[Work item] The lines to return run from the one containing "Italie : un" through the end of the material; give them exactly and leave out the pictures.
• • • •
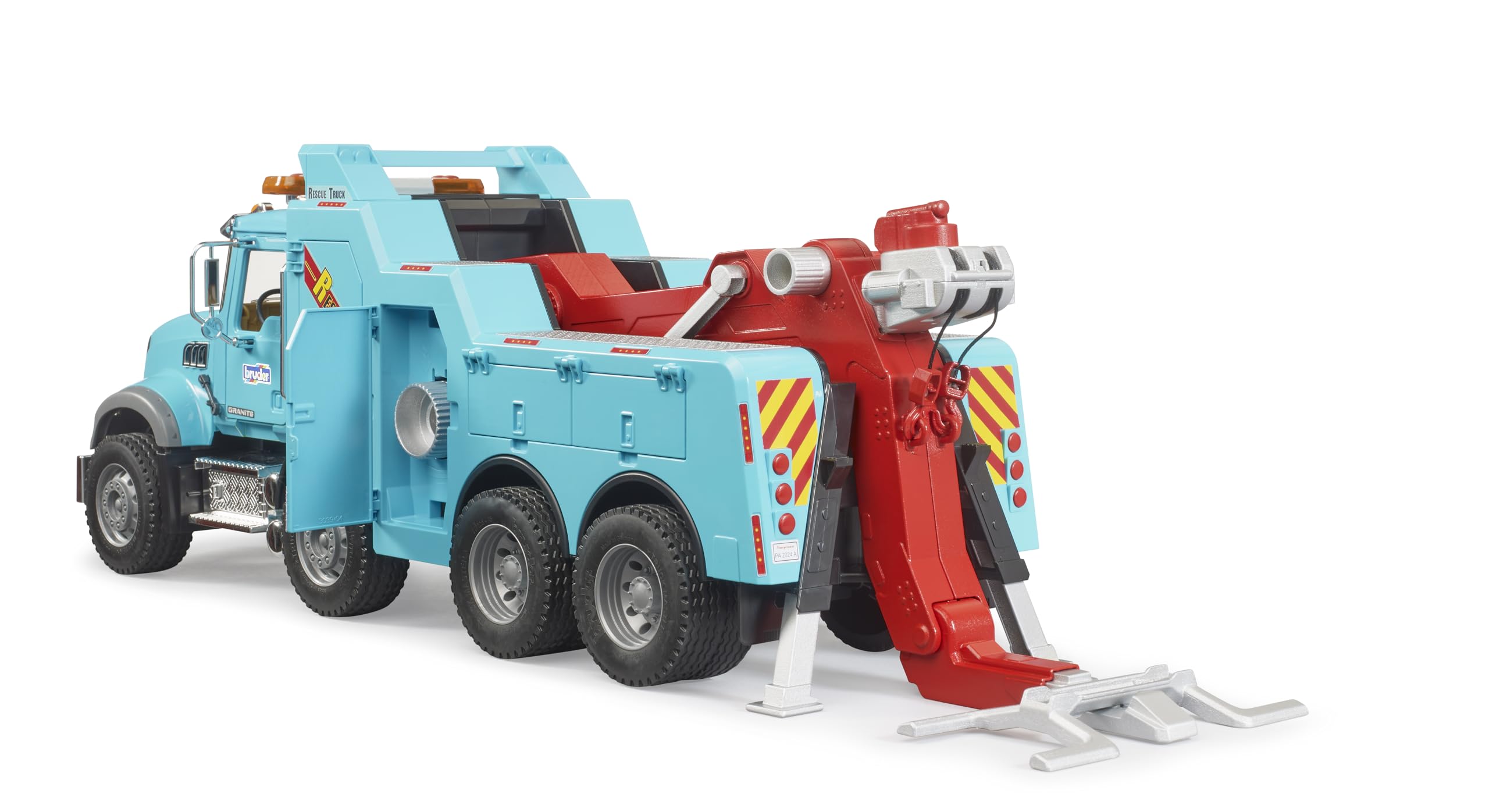 Bruder 02831 Mack Granite Heavy Rescue Wrecker light-sound module illuminated for day or night adventures.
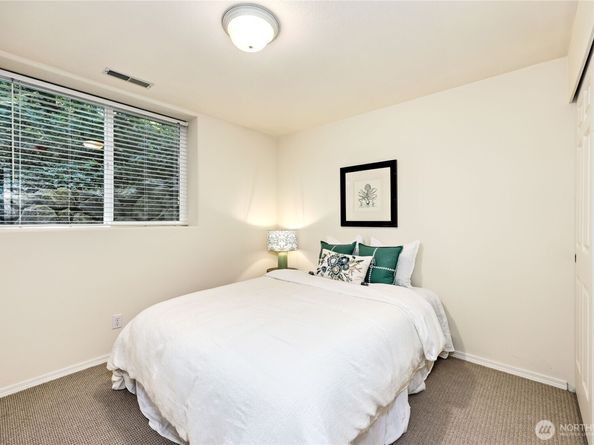 17691 Division Avenue NE, Suquamish WA 98392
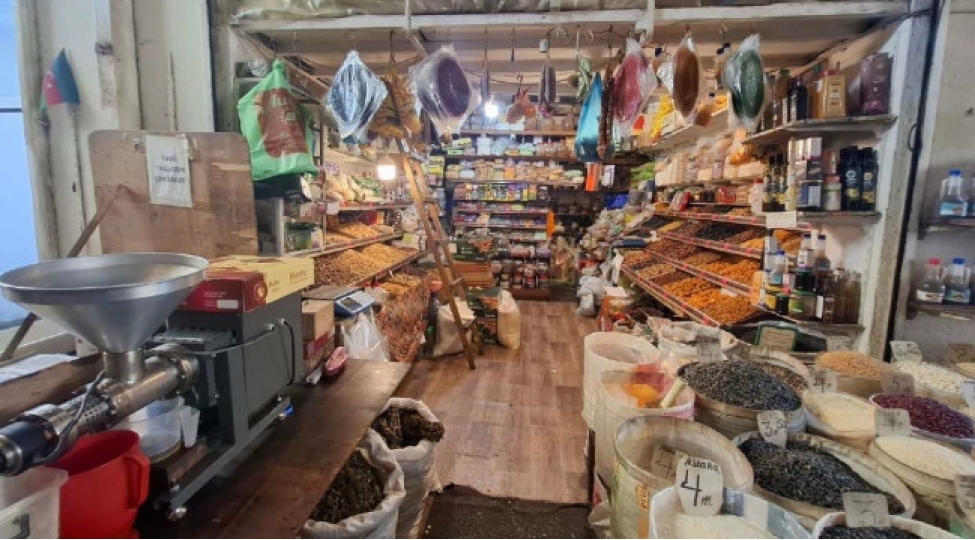 paytaxtda-iki-bazarda-yaglarin-qanunsuz-emali-ve-satishi-mueyyen-edilib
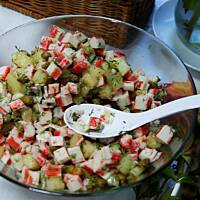 Sałatka z surimi z kaparami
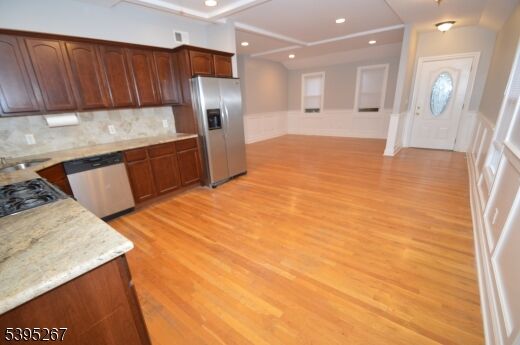 Property Photo:  139 Forest St   Unit 1  NJ 07042 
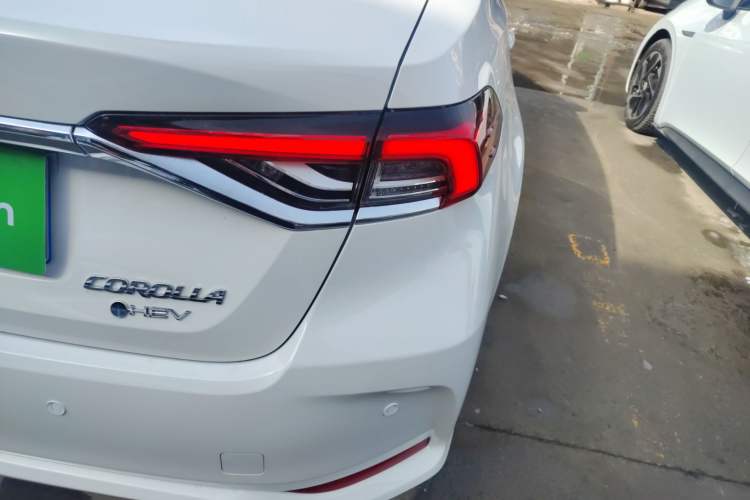 Used Toyota Corolla 2024 1.8L Smart Electric Hybrid Dual-Engine Elite Edition Exterior 3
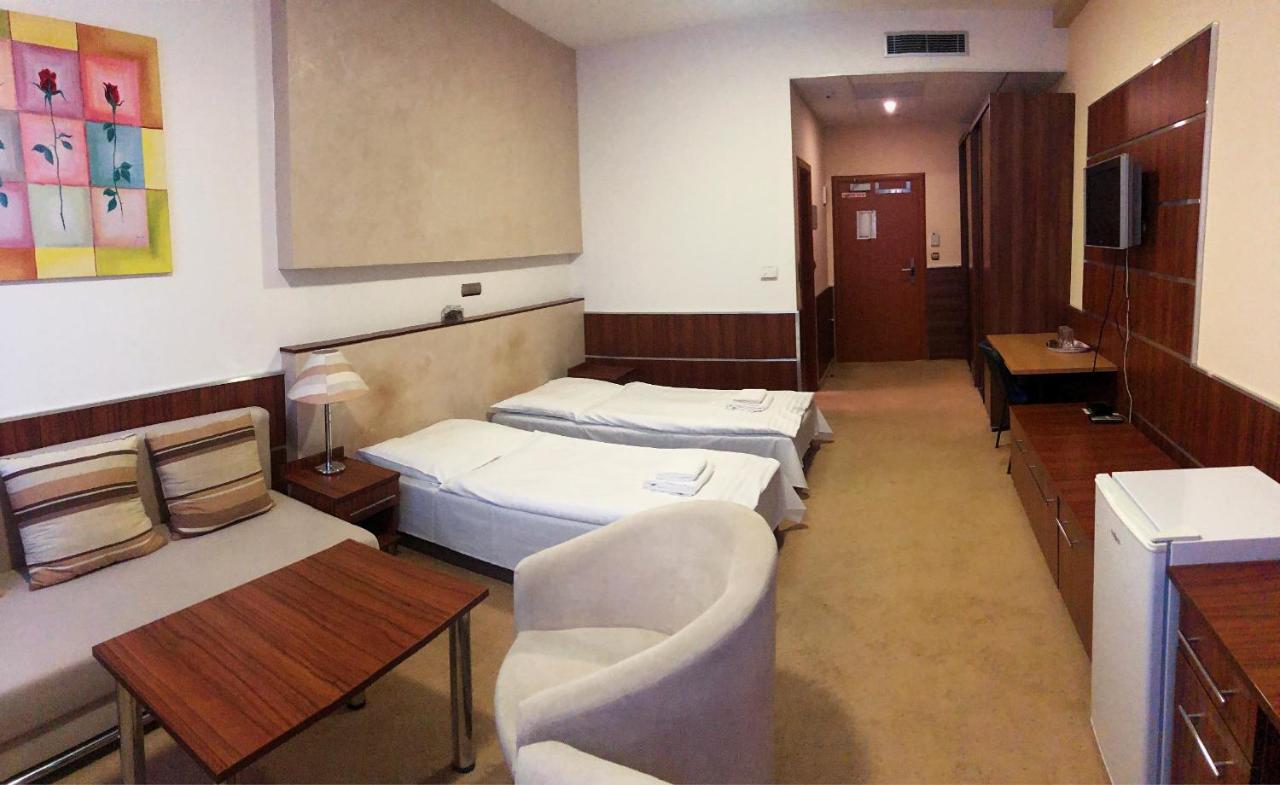 Student House *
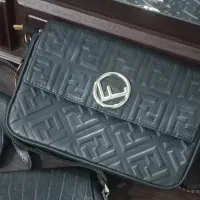 تعدادی کیف برند وکتونی بچگانه اورجینال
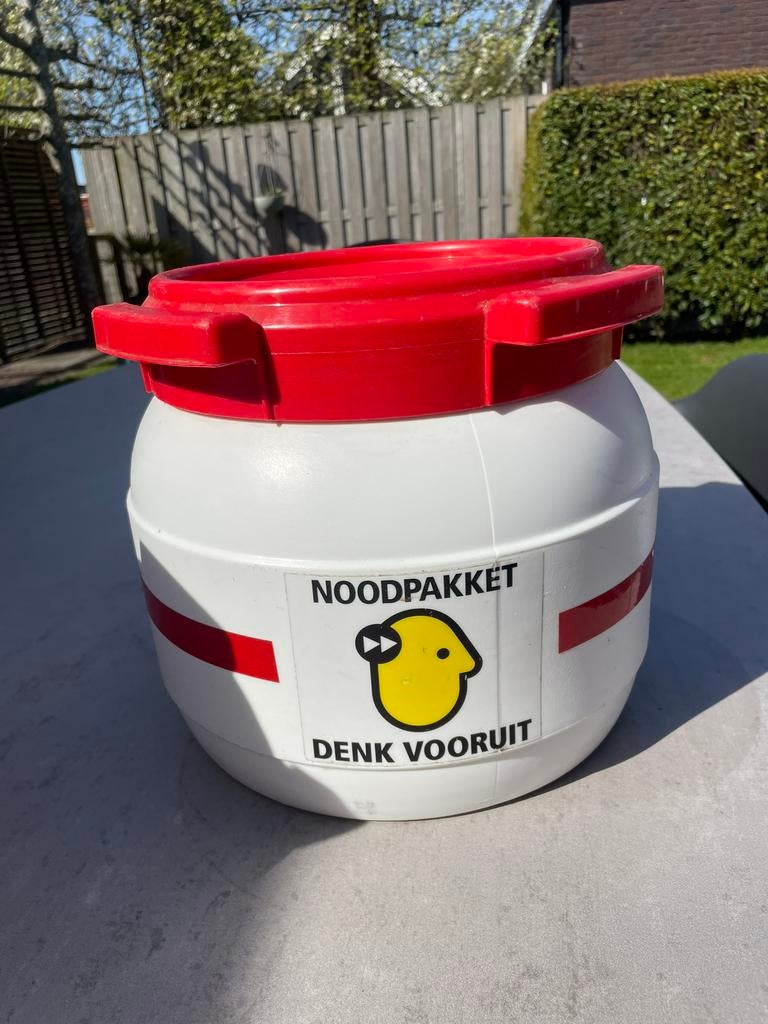 Waterdichte plastic ton bijv. om noodpakket in op te bergen, Watersport en Boten, Ophalen of Verzenden, Gebruikt, Overige typen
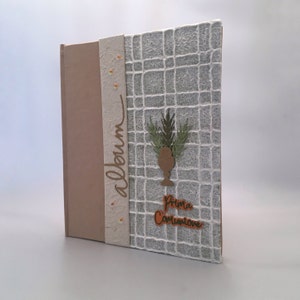 Album foto Comunione personalizzato, album fotografico rivestito in carta cotone e carta garzata, contiene 30 pagine in cartoncino avorio.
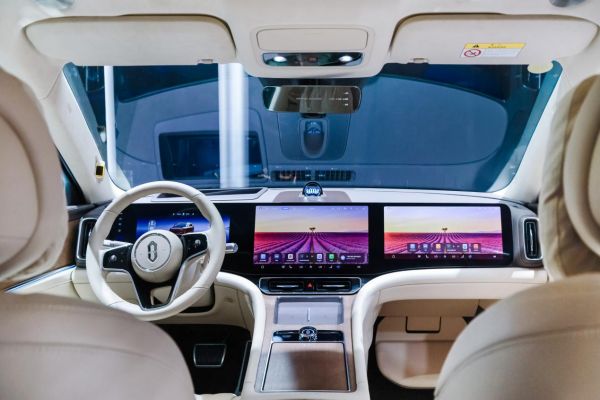 以销冠之姿重塑豪华格局，问界M9领衔登陆成都国际车展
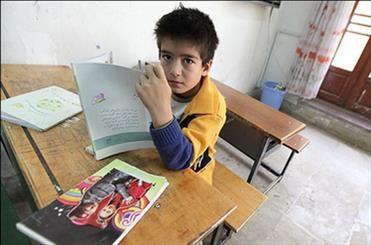 چرا بچه‌ها از کتاب‌های درسی گریزان‌اند؟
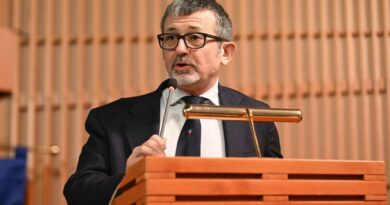 Italie : un proche de Giorgia Meloni démissionne après une photo compromettante.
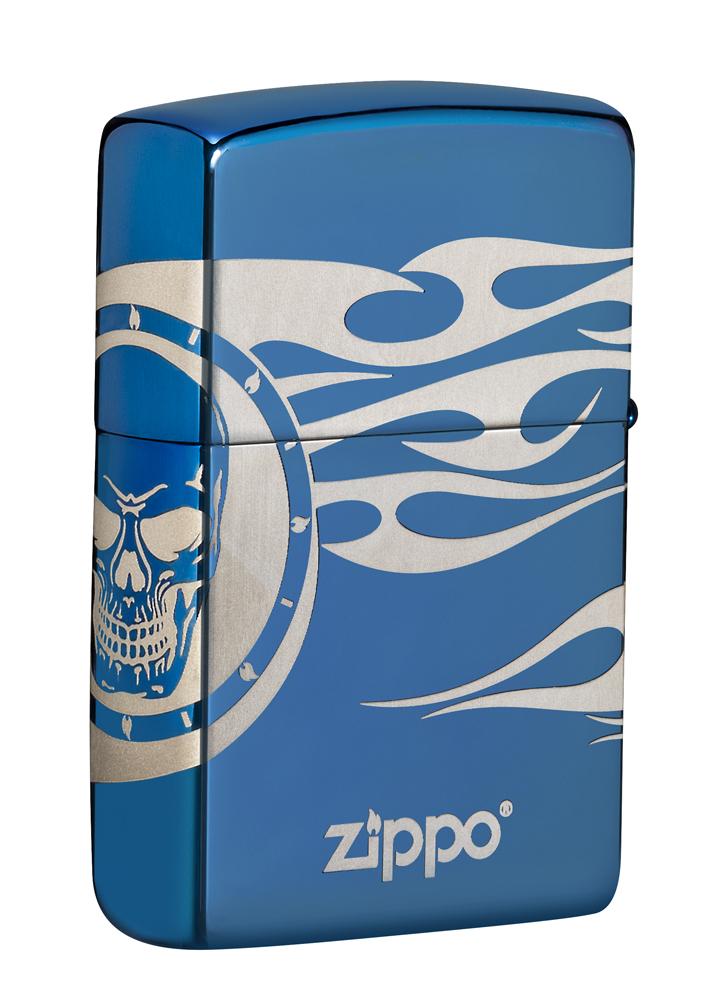 Frontansicht Zippo Feuerzeug blau Hochglanz Totenkopf mit Flammen eingraviert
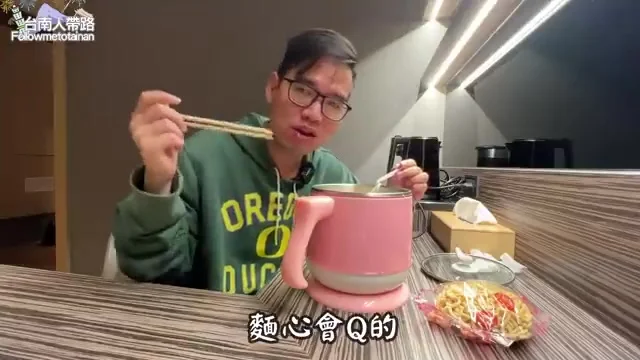 阿波夾起麵條，展示Q彈麵心特寫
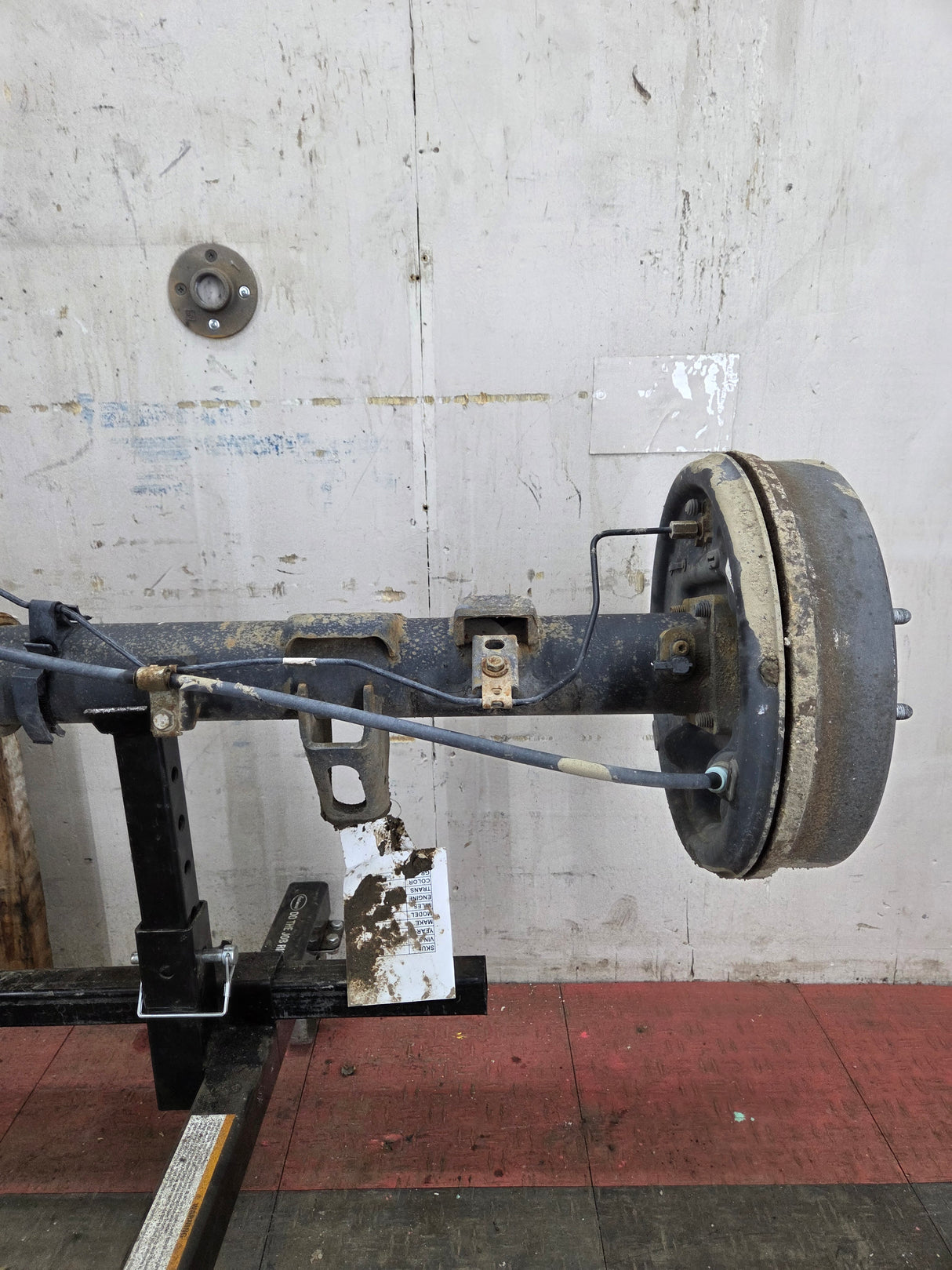 2009-2013 Chevrolet Silverado GMC Sierra 1500 Rear Axle 8.6" 3.42 Gear Ratio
• • • •
[Problem solution]
 Italie : un proche de Giorgia Meloni démissionne après une photo compromettante.
 Frontansicht Zippo Feuerzeug blau Hochglanz Totenkopf mit Flammen eingraviert
 阿波夾起麵條，展示Q彈麵心特寫
 2009-2013 Chevrolet Silverado GMC Sierra 1500 Rear Axle 8.6" 3.42 Gear Ratio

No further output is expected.